Boomers feel ripped off and lied to, and they are not afraid to challenge those whom they see as at fault. The bad news for the life assurance industry is that the fight has just started. What we have heard up until now are just the rumblings of discontent that will precede the storm as more Boomers approach retirement and realise that they don’t have the money they thought they would have.

Boomers are highly relational and networked, and so they have more people with whom they can share their experiences than the Silents did…and they will share them freely and loudly.

The Boomers and the Silents constitute the bulk of the industry’s current client base and create most of the embedded value by which companies are rated and valued. As customers, they have massive financial muscle to flex, and the Boomers are beginning to do so. As employees of the industry, they are also largely responsible for the state in which it finds itself today.

The younger generations are the industry’s future markets and present it with very different challenges to those of their parents and grandparents.

Generation X

They were born in the 1970s and 1980s and grew up in a world of continuous change. The most cynical of the generations, they are typified by their “Whatever!” attitude. They are young and unconcerned with death. Similarly, they view retirement as a long way off and their short-term materialism means that they don’t care anyway.

The challenge to the life assurance industry is to regain the trust and respect of this generation. They don’t want to compromise their integrity by selling for the industry and they don’t believe the industry’s product promises.

The roots of this mistrust are the 30 years of “fleecing” that the industry did of their parents and grandparents. Xers have watched their elders’ retirement planning crumble while the life assurance companies have grown rich. With the advent of online trading and other options, Xers would rather take a chance on their own abilities than entrust their future to an “industry of thieves.”

For all intents and purposes, this generation is a lost generation to the industry. The flip-side, however, is that this generation is a goldmine for the company that manages to connect with it. The company that does this will succeed because it has managed to regain the generation Xers’ trust. It was lost over decades so they shouldn’t expect to regain it overnight—the process must be enduring, consistent and built with at least a 10-year window before evaluation.
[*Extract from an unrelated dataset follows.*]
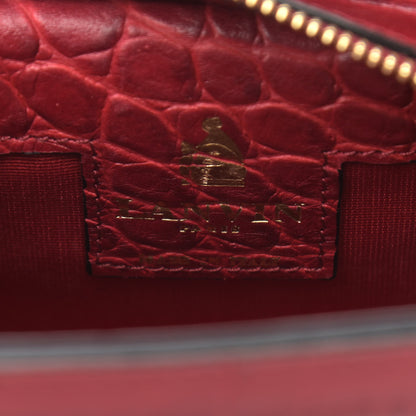 Lanvin Calfskin Crocodile Embossed Shoulder Bag Red 6 of 10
Most importantly, Xers aren’t Boomers waiting to grow up; they are a demanding and influential generation in their own right.

Generation Y or The Millennials

These are the oldest 14-year-olds you will meet. The Millennials are a paradox of streetwise worldly wisdom and optimistic naivety. They have lived relatively sheltered lives and believe the world is their oyster. They are very brand conscious and believe that they will live forever. After the cynicism of the Xers, the optimism and enthusiasm of the Millennials is refreshing. Unfortunately, the implication for the life industry is that this group thinks exclusively about life and gives little thought to death and retirement.
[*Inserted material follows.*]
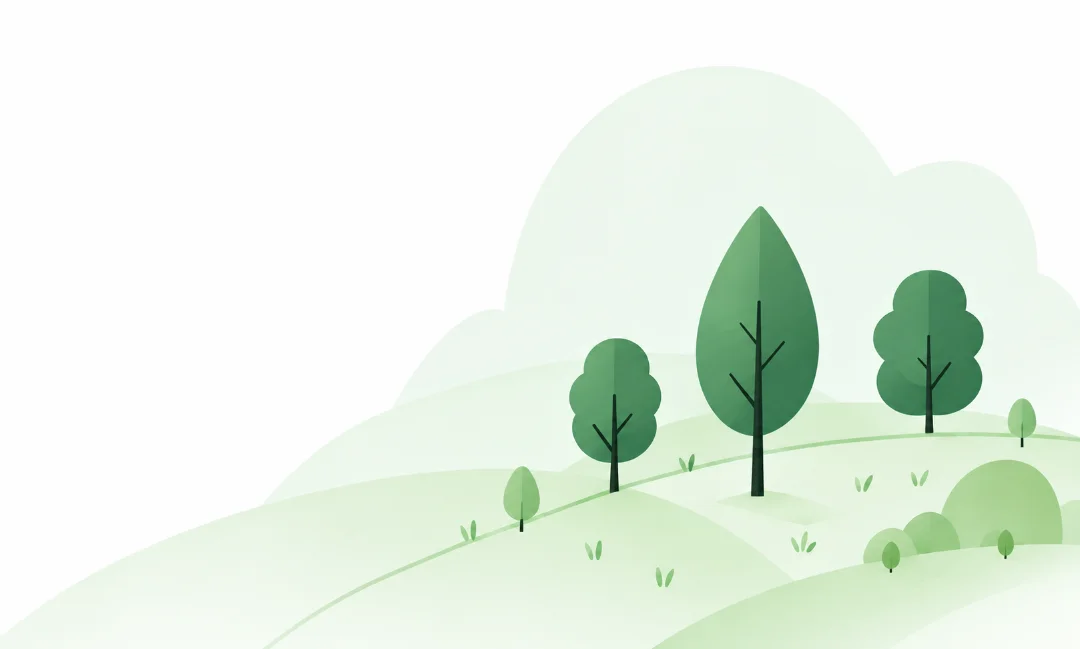 Illustration of rolling green hills and trees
If Xers are the lost generation to the industry, the Millennials represent a “Green fields” possibility. The challenge facing the industry is to draw them in young and then reward their loyalty. Millennials have grown up in an era of loyalty programmes, and they expect short-term benefits that acknowledge and reward their medium-term loyalty and spend, since they have no long-term perspective.

The challenge is to design new products that effectively balance short-, medium- and long-term rewards. The good news is that Xers will also respond well to products such as these.

Time for change

The life assurance industry in South Africa is in a situation of its own making. For too long, it has treated
policyholders with contempt, expecting them to accept whatever returns were thrown their way.

Any company that can afford to write off the embedded value that Xers or Millennials offer can carry on regardless. The rest, who want to survive, need to wake up, grasp the nettle…and change! If not, the industry may never recover from the credibility crisis in which it finds itself today.